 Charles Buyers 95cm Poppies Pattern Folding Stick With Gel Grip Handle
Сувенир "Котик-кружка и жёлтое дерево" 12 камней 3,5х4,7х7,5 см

---

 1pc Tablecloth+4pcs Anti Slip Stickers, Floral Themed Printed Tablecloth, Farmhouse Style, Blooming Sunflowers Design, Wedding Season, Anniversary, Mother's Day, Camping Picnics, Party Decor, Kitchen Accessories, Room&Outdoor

...

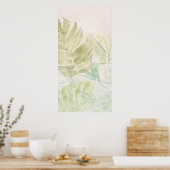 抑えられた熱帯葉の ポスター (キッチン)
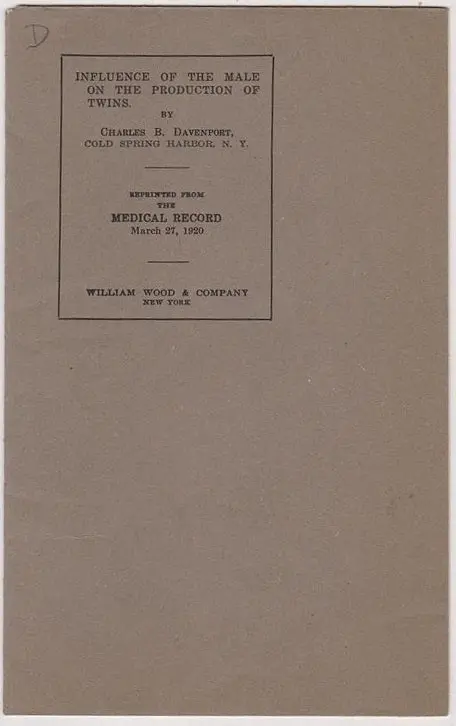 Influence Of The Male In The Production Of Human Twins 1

— WORK ORDER —
Go through the material above and output exactly the lines from the one containing "Charles Buyers 95cm" through the one containing "камней 3,5х4,7х7,5 см".

— PROBLEM SOLUTION —
 Charles Buyers 95cm Poppies Pattern Folding Stick With Gel Grip Handle
Сувенир "Котик-кружка и жёлтое дерево" 12 камней 3,5х4,7х7,5 см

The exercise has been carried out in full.